Brief: This exercise calls for every record to be set down exactly.

Data for processing:
◇ ◇ ◇ ◇
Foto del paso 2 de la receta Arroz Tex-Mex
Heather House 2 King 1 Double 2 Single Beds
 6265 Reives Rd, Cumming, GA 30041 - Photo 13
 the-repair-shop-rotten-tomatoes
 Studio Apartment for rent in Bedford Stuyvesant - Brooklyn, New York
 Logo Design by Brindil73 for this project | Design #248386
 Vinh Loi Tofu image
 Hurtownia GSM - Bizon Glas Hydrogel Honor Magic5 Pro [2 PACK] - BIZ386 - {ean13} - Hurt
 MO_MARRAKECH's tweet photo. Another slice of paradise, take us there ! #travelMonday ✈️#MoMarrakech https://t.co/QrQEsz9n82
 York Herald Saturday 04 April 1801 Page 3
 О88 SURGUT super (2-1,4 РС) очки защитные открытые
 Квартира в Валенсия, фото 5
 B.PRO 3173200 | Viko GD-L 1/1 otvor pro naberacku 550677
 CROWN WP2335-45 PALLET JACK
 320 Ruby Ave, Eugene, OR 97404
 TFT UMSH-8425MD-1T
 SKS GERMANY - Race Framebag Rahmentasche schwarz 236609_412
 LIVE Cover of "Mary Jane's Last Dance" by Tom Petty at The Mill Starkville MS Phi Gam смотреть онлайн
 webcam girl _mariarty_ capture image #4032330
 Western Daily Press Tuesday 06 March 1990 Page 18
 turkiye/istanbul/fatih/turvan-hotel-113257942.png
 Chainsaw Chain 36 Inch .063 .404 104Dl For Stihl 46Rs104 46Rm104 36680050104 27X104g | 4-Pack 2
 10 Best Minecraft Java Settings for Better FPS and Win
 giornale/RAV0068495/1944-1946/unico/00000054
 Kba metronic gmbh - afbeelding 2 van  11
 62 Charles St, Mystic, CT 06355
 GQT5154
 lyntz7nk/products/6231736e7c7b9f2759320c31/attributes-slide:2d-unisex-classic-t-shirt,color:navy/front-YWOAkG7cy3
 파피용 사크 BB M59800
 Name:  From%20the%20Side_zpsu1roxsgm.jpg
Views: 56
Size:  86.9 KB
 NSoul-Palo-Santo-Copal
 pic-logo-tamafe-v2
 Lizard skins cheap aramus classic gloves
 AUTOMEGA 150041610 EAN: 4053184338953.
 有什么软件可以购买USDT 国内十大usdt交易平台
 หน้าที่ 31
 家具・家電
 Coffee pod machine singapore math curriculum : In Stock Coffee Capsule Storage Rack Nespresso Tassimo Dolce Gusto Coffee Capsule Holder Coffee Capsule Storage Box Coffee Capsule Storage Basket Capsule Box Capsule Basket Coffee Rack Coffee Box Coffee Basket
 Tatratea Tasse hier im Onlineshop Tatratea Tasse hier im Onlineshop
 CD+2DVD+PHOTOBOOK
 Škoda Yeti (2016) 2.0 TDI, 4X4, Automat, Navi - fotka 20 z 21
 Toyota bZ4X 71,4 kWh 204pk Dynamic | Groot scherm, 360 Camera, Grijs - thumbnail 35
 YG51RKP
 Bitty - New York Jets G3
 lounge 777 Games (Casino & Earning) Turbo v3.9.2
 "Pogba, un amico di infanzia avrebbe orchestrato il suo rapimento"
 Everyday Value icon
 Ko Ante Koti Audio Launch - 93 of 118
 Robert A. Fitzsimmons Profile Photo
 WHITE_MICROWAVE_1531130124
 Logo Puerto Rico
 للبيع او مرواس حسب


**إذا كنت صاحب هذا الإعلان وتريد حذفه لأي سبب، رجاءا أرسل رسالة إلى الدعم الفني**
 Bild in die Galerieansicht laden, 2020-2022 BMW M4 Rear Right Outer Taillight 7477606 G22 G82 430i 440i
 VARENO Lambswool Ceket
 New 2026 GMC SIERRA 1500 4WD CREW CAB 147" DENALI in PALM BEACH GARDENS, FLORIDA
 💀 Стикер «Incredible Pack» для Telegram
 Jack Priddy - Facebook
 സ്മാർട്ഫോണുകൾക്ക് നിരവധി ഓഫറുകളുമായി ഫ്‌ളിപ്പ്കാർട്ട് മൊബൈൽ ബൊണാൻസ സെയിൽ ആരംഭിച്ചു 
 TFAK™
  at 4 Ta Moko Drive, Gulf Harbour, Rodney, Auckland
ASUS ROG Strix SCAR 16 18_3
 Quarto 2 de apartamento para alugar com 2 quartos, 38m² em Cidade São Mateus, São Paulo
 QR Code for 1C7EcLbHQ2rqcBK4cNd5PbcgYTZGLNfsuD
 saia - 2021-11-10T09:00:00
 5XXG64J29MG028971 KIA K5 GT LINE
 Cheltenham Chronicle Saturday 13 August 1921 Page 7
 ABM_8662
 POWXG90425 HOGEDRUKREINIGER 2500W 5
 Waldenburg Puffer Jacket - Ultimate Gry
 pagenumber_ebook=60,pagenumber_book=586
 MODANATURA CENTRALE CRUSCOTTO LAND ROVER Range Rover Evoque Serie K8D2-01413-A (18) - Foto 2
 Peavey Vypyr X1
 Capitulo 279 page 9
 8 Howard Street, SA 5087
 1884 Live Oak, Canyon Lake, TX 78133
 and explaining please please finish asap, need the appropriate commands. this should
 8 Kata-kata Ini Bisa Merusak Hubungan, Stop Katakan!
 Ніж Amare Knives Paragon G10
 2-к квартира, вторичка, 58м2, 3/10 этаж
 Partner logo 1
◇ ◇ ◇ ◇
Result of this exercise:
Foto del paso 2 de la receta Arroz Tex-Mex
Heather House 2 King 1 Double 2 Single Beds
 6265 Reives Rd, Cumming, GA 30041 - Photo 13
 the-repair-shop-rotten-tomatoes
 Studio Apartment for rent in Bedford Stuyvesant - Brooklyn, New York
 Logo Design by Brindil73 for this project | Design #248386
 Vinh Loi Tofu image
 Hurtownia GSM - Bizon Glas Hydrogel Honor Magic5 Pro [2 PACK] - BIZ386 - {ean13} - Hurt
 MO_MARRAKECH's tweet photo. Another slice of paradise, take us there ! #travelMonday ✈️#MoMarrakech https://t.co/QrQEsz9n82
 York Herald Saturday 04 April 1801 Page 3
 О88 SURGUT super (2-1,4 РС) очки защитные открытые
 Квартира в Валенсия, фото 5
 B.PRO 3173200 | Viko GD-L 1/1 otvor pro naberacku 550677
 CROWN WP2335-45 PALLET JACK
 320 Ruby Ave, Eugene, OR 97404
 TFT UMSH-8425MD-1T
 SKS GERMANY - Race Framebag Rahmentasche schwarz 236609_412
 LIVE Cover of "Mary Jane's Last Dance" by Tom Petty at The Mill Starkville MS Phi Gam смотреть онлайн
 webcam girl _mariarty_ capture image #4032330
 Western Daily Press Tuesday 06 March 1990 Page 18
 turkiye/istanbul/fatih/turvan-hotel-113257942.png
 Chainsaw Chain 36 Inch .063 .404 104Dl For Stihl 46Rs104 46Rm104 36680050104 27X104g | 4-Pack 2
 10 Best Minecraft Java Settings for Better FPS and Win
 giornale/RAV0068495/1944-1946/unico/00000054
 Kba metronic gmbh - afbeelding 2 van  11
 62 Charles St, Mystic, CT 06355
 GQT5154
 lyntz7nk/products/6231736e7c7b9f2759320c31/attributes-slide:2d-unisex-classic-t-shirt,color:navy/front-YWOAkG7cy3
 파피용 사크 BB M59800
 Name:  From%20the%20Side_zpsu1roxsgm.jpg
Views: 56
Size:  86.9 KB
 NSoul-Palo-Santo-Copal
 pic-logo-tamafe-v2
 Lizard skins cheap aramus classic gloves
 AUTOMEGA 150041610 EAN: 4053184338953.
 有什么软件可以购买USDT 国内十大usdt交易平台
 หน้าที่ 31
 家具・家電
 Coffee pod machine singapore math curriculum : In Stock Coffee Capsule Storage Rack Nespresso Tassimo Dolce Gusto Coffee Capsule Holder Coffee Capsule Storage Box Coffee Capsule Storage Basket Capsule Box Capsule Basket Coffee Rack Coffee Box Coffee Basket
 Tatratea Tasse hier im Onlineshop Tatratea Tasse hier im Onlineshop
 CD+2DVD+PHOTOBOOK
 Škoda Yeti (2016) 2.0 TDI, 4X4, Automat, Navi - fotka 20 z 21
 Toyota bZ4X 71,4 kWh 204pk Dynamic | Groot scherm, 360 Camera, Grijs - thumbnail 35
 YG51RKP
 Bitty - New York Jets G3
 lounge 777 Games (Casino & Earning) Turbo v3.9.2
 "Pogba, un amico di infanzia avrebbe orchestrato il suo rapimento"
 Everyday Value icon
 Ko Ante Koti Audio Launch - 93 of 118
 Robert A. Fitzsimmons Profile Photo
 WHITE_MICROWAVE_1531130124
 Logo Puerto Rico
 للبيع او مرواس حسب


**إذا كنت صاحب هذا الإعلان وتريد حذفه لأي سبب، رجاءا أرسل رسالة إلى الدعم الفني**
 Bild in die Galerieansicht laden, 2020-2022 BMW M4 Rear Right Outer Taillight 7477606 G22 G82 430i 440i
 VARENO Lambswool Ceket
 New 2026 GMC SIERRA 1500 4WD CREW CAB 147" DENALI in PALM BEACH GARDENS, FLORIDA
 💀 Стикер «Incredible Pack» для Telegram
 Jack Priddy - Facebook
 സ്മാർട്ഫോണുകൾക്ക് നിരവധി ഓഫറുകളുമായി ഫ്‌ളിപ്പ്കാർട്ട് മൊബൈൽ ബൊണാൻസ സെയിൽ ആരംഭിച്ചു 
 TFAK™
  at 4 Ta Moko Drive, Gulf Harbour, Rodney, Auckland
ASUS ROG Strix SCAR 16 18_3
 Quarto 2 de apartamento para alugar com 2 quartos, 38m² em Cidade São Mateus, São Paulo
 QR Code for 1C7EcLbHQ2rqcBK4cNd5PbcgYTZGLNfsuD
 saia - 2021-11-10T09:00:00
 5XXG64J29MG028971 KIA K5 GT LINE
 Cheltenham Chronicle Saturday 13 August 1921 Page 7
 ABM_8662
 POWXG90425 HOGEDRUKREINIGER 2500W 5
 Waldenburg Puffer Jacket - Ultimate Gry
 pagenumber_ebook=60,pagenumber_book=586
 MODANATURA CENTRALE CRUSCOTTO LAND ROVER Range Rover Evoque Serie K8D2-01413-A (18) - Foto 2
 Peavey Vypyr X1
 Capitulo 279 page 9
 8 Howard Street, SA 5087
 1884 Live Oak, Canyon Lake, TX 78133
 and explaining please please finish asap, need the appropriate commands. this should
 8 Kata-kata Ini Bisa Merusak Hubungan, Stop Katakan!
 Ніж Amare Knives Paragon G10
 2-к квартира, вторичка, 58м2, 3/10 этаж
 Partner logo 1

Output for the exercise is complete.